Revólveres, rifles e submetralhadoras, sem aviso prévio ou justificativa,
cuspiram fogo contra a multidão, assassinando 69 pessoas e ferindo quase 200 –
a maioria baleada pelas costas, em uma tentativa desesperada de fuga.
A inescusável execução em massa provocou
náusea na comunidade internacional e despertou a ira das lideranças negras na
África do Sul – o temor de uma guerra civil já toma conta de membros do alto
escalão do primeiro-ministro africâner Hendrik Verwoerd. Uma semana depois do
chamado “Massacre de Sharpeville”, um dia nacional de luto, 28 de março, foi
convocado pelos chefes negros. Os funerais das vítimas seriam acompanhados por
um boicote do trabalho e novas manifestações contra o passe. Ainda que os
líderes do movimento seguissem pregando a não-violência, a tensão latente
acabou por registrar uma série de tumultos e pancadarias em diferentes pontos
de Johanesburgo, Worcestor e Cidade do Cabo. Em reação direta aos eventos, já
se noticia uma corrida de cidadãos sul-africanos a consulados estrangeiros, em
busca de vistos de emigração, bem como um aumento espantoso na venda de
armamento aos brancos.
Na véspera dos funerais, para evitar
novos conflitos, o governo da África do Sul havia anunciado a suspensão da
obrigatoriedade do porte do passe pelos negros. Esperançoso com o que parecia
um primeiro ato de conciliação por parte da administração de Verwoerd, o planeta
foi logo devolvido à realidade obtusa do apartheid com a declaração oficial de
estado de emergência em 30 de março. Sob tal auspício, as autoridades
sul-africanas voltaram à carga com prisões em massa – o número, ainda não
oficial, é de 18.000 detidos, incluindo o líder do Congresso Pan-Africanista,
Robert Sobukwe, e a quase totalidade dos cabeças do movimento negro –, além da
criminalização das entidades políticas dos nativos. Uma passada de olhos pela
história revela que, atuando na clandestinidade, as oposições não demoram a
deixar a resistência pacífica em favor da armada. No ambiente incendiário em
que se encontra a África do Sul, parece questão de tempo.
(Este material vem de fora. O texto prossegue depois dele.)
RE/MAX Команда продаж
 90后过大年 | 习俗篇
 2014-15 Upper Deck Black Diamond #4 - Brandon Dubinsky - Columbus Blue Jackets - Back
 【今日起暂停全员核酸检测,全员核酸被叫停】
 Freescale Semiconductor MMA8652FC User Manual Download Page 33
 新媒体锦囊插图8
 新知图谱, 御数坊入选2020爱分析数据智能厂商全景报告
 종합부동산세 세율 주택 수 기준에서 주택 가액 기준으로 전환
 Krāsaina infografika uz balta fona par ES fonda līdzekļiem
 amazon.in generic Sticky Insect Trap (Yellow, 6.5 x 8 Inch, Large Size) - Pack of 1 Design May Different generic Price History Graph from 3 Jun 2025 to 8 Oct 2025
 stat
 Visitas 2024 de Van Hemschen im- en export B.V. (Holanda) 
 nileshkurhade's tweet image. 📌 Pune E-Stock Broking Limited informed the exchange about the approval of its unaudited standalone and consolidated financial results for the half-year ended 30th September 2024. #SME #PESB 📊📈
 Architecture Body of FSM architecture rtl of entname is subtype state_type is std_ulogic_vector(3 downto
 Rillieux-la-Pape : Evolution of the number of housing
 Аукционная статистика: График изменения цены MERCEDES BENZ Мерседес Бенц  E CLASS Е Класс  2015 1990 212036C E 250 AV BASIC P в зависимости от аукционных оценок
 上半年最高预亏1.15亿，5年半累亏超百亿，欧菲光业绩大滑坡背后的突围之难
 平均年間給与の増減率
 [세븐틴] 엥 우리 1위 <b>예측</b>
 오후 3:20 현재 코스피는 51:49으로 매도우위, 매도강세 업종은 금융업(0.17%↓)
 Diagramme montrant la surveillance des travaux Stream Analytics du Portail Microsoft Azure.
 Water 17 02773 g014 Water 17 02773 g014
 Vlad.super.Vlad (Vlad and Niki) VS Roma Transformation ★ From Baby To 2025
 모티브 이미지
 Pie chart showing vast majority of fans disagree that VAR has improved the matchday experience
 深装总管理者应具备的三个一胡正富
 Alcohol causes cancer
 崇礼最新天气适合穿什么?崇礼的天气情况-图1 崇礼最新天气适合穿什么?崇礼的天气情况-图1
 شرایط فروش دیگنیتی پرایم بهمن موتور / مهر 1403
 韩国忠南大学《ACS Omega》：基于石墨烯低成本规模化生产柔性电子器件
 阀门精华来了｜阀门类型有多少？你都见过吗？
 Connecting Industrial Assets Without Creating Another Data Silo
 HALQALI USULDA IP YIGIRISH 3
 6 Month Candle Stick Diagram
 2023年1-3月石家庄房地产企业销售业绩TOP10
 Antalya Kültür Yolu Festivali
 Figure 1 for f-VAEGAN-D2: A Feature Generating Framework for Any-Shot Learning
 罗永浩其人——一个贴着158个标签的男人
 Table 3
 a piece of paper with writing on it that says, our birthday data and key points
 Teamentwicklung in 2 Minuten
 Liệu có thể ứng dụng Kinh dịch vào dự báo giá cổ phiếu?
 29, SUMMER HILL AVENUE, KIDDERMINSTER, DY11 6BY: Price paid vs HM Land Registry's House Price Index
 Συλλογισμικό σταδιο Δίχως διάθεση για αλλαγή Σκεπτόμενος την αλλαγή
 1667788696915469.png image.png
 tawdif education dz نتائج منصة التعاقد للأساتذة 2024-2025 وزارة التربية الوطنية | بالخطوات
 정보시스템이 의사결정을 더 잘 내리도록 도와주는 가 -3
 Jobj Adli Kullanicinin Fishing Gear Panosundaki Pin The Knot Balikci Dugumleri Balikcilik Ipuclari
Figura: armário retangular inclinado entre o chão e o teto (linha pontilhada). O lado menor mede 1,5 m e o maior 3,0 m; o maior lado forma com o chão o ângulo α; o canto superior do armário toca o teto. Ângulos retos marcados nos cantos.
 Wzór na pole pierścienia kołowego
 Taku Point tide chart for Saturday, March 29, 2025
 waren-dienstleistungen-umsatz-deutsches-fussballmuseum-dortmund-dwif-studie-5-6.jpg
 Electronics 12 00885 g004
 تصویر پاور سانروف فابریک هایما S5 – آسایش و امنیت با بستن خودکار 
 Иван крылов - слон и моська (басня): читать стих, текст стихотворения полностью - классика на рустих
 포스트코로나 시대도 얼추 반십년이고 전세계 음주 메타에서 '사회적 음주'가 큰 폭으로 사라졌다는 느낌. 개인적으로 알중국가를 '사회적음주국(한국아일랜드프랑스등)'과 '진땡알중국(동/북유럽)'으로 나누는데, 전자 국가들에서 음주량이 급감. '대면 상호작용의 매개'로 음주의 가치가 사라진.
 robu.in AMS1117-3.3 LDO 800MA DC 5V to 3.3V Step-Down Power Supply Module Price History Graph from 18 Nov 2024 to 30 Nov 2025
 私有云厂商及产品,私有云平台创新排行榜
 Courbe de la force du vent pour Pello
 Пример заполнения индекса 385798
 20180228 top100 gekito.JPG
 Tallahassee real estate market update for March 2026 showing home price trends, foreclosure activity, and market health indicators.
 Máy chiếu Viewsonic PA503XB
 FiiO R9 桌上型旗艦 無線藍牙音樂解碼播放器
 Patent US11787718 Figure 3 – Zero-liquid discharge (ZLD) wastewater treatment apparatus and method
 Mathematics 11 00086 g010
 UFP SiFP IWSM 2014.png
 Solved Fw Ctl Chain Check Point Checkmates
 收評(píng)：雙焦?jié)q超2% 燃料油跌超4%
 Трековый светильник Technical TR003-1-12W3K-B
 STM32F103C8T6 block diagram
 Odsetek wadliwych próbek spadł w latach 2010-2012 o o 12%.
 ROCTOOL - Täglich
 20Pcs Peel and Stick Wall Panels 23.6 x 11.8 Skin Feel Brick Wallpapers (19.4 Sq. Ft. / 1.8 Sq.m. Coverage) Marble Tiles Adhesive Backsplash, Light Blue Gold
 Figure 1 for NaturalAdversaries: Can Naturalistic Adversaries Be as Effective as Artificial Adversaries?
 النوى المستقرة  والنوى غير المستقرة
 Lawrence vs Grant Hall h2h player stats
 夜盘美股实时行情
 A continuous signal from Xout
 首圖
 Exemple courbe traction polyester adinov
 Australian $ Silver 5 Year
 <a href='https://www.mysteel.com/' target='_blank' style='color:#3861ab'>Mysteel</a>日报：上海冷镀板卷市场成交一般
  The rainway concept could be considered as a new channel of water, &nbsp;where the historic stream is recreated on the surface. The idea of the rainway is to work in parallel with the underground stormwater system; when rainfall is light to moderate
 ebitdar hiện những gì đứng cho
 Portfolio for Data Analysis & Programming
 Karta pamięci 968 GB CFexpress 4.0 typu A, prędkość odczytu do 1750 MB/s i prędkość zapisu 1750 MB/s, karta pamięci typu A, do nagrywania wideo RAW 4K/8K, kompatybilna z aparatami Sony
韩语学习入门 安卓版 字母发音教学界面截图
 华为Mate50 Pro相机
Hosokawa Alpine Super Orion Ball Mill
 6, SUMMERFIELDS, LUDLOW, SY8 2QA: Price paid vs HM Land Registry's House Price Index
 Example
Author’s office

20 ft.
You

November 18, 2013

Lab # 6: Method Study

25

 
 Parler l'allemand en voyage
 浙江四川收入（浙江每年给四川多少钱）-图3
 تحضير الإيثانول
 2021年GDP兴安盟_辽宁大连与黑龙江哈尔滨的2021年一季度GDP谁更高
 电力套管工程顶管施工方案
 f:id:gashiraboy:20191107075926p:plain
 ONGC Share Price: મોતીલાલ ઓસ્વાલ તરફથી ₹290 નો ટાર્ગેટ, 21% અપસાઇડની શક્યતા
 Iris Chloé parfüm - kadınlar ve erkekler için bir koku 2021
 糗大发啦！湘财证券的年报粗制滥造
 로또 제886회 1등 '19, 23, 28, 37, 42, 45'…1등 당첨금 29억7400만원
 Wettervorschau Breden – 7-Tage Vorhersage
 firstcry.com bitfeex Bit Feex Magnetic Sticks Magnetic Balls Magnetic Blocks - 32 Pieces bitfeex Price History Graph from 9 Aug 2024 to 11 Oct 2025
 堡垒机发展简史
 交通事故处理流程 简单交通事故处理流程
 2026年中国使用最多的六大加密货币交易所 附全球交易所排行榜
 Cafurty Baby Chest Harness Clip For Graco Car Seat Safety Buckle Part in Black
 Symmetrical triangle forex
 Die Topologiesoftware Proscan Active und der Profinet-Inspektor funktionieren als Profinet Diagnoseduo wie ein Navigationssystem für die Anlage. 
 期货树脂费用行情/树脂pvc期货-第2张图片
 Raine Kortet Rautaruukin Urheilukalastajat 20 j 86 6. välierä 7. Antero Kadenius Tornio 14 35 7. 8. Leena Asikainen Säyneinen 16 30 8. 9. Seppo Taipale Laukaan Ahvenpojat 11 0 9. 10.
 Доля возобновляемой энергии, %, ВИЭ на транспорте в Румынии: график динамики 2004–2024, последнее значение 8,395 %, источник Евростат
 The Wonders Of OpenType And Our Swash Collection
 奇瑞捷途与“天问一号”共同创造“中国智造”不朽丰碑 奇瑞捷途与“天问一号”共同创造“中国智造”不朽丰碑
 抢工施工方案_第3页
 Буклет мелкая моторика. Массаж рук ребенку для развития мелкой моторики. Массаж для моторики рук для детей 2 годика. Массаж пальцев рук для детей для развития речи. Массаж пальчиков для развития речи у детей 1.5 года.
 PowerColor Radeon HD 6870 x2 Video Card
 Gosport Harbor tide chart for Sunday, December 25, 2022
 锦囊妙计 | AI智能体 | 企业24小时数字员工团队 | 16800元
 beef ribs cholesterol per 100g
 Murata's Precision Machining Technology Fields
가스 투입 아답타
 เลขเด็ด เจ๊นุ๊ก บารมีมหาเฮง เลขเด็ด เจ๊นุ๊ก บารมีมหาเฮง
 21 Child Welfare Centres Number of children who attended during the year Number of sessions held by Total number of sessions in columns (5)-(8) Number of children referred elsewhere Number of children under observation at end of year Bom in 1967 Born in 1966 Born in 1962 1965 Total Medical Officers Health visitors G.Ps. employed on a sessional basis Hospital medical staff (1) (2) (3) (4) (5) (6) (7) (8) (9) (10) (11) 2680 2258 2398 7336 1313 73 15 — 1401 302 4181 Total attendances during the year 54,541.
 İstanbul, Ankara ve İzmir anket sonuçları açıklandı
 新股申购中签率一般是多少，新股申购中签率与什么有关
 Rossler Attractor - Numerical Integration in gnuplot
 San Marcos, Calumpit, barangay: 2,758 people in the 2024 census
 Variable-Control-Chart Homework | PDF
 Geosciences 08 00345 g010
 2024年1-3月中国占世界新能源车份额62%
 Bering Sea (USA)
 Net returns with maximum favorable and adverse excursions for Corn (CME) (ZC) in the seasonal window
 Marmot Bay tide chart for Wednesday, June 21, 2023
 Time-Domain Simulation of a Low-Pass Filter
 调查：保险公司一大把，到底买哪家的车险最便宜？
Caderneta da infâmia - Na origem do protesto que geraria o
extermínio na township (área urbana reservada aos negros) de
Sharpeville está um dos maiores instrumentos de controle e segregação racial a
serviço do governo: as leis do passe. Obrigados a carregar as infames
cadernetas – que contêm foto, dados pessoais, número de série, registro profissional,
pagamento de impostos e ficha criminal – e a mostrá-las às autoridades sempre
que solicitadas, os negros não apenas têm sua liberdade de movimento cerceada,
mas também são vítimas, a cada abordagem, de atos de humilhação. Caso o
indivíduo não apresente o passe, é sumariamente detido. Existente desde a época
dos escravos, em 1700, o conceito e a oficialização do passe – e, por tabela,
sua oposição – ganhou força com a instauração do regime do apartheid, no ano de
em 1948, com a chegada ao poder do Partido Nacional. Na última década, foram
várias as manifestações contrárias às leis, notadamente a marcha das mulheres
de agosto de 1956. Nenhuma delas, contudo, surtiu grande efeito prático.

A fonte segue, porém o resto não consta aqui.